Les supermarchés britanniques invitent régulièrement les consommateurs à pratiquer ce qu’on appelle en anglais mix and match, autrement dit, à combiner des articles – vestimentaires, surtout – dont il n’a pas été initialement prévu qu’ils soient associés, mais qui peuvent fort bien se marier, à condition de faire preuve d’un peu d’imagination. Pour son tout premier disque, la Compagnie La Tempête a choisi de réunir cinq compositeurs d’époques variées, réuni par un fil conducteur : la pièce de Shakespeare qui lui donne son nom. Là où Joël Suhubiette et l’ensemble Les Eléments avaient opté en 2003 pour les adaptations shakespeariennes du XXe siècle rassemblées en un très beau disque (« Full Fathom Five », chez Hortus), là où le New London Concert proposait l’an dernier à la Cité de la Musique un patchwork de toutes les musiques composées au XVIIe pour la pièce de Shakespeare, Simon-Pierre Bestion opte pour une troisième voie, consistant à piocher dans les deux répertoires, jusqu’au plus contemporain (Hersant, Pécou) et sans se priver d’inclure des pièces qui n’ont avec The Tempest qu’un lien extrêmement ténu, voire parfaitement inexistant : les Anthems Z24 et Z135 sont de fort belles partitions, mais n’ont guère de rapport avec Shakespeare, et Philippe Hersant s’appuie sur d’autres poètes anglais du XVIIe siècle. Liberté totale, qui permet les rapprochements les plus inattendus, en picorant ici et là. Les Cinq chansons d’Ariel de Frank Martin sont ainsi éclatées en quatre endroits du disque, et réordonnées pour suivre le déroulement de la pièce, dont les cinq actes sont ainsi présents. Mais comme chez Marks & Spencer, le mélange inattendu fonctionne plutôt bien, ainsi qu’on pourra sans doute le vérifier lorsque le spectacle chorégraphique qui accompagne cette sélection de pièces instrumentales et vocales sera donné le 11 mai, au Collège des Bernardins, où La Tempête est en résidence.

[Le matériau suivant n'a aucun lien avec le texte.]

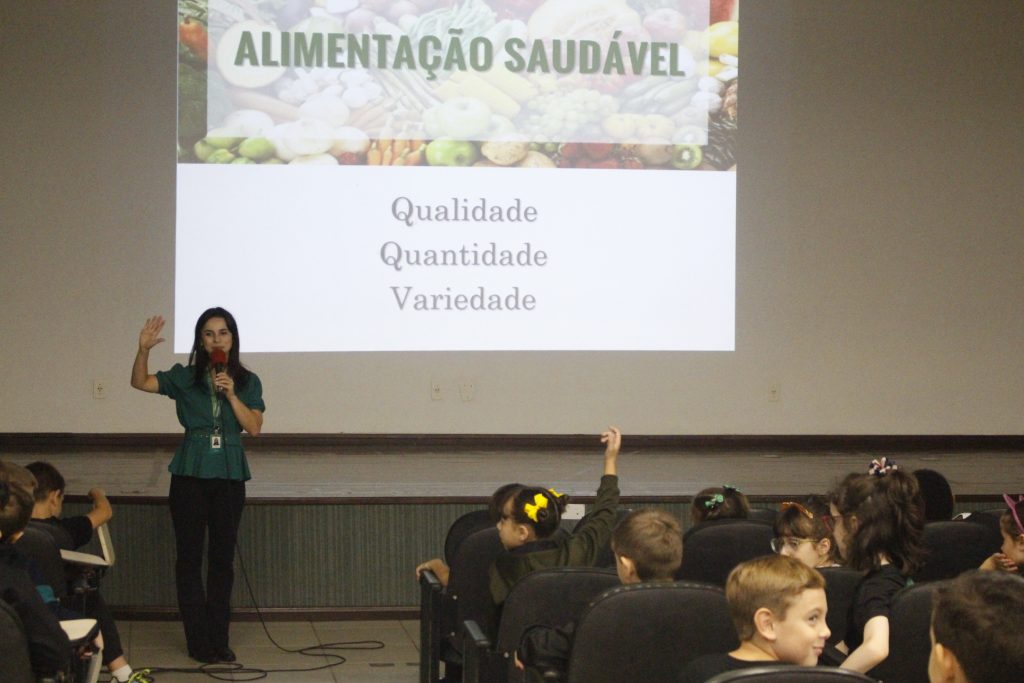Alimentação saudável é tema de palestra para alunos do Colégio Satc 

On apprécie une volonté de théâtraliser ces différentes pièces, notamment par le biais d’orchestrations énergiques et colorées, qui ne lésinent pas sur les percussions ou sur la machine à vent (on pense notamment au « Lilk » de Matthew Locke dont les sonorités commencent par étonner avant de séduire). Les Frank Martin sont pris à un tempo assez modéré, mais cela permet d’en savourer toute la beauté dans le détail. Les deux composantes de la compagnie, le chœur et l’orchestre, sont le plus souvent entendus séparément, avec des résultats tout à fait probants, même si telle pièce contemporaine purement instrumentale (« Pour un rituel imaginaire » de Thierry Pécou) pourra paraître un peu longue aux amateurs de musique ancienne vocale. Ni chanteur ni instrumentiste, Geoffroy Bertran fait dans « A Circle in the Sand » une prestation remarquée en tant que siffleur, successeur dans cet art difficile à la regrettée Micheline Dax.
Parmi les cinq solistes vocaux, seule Chantal Santon-Jeffery a le privilège de se faire entendre autrement qu’en ensemble, et dans un répertoire où elle a déjà montré qu’elle était tout à son affaire. La chanson de Dorinda composée par James Hart (1674) n’atteint certes pas les mêmes sommets que Purcell, mais on l’écoute avec plaisir. Dans les extraits d’anthems, on retrouve le beau timbre grave de Lisandro Abadie, toujours très à l’aise dans la musique religieuse de cette époque. Atuellement membre de l’Atelier lyrique de l’Opéra de Paris, le ténor Yu Shao semble à l’aube d’une belle carrière. Pour être un peu moins médiatisés, Lucile Richardot et Bruno Le Levreur n’en complètent pas moins fort dignement le quintette.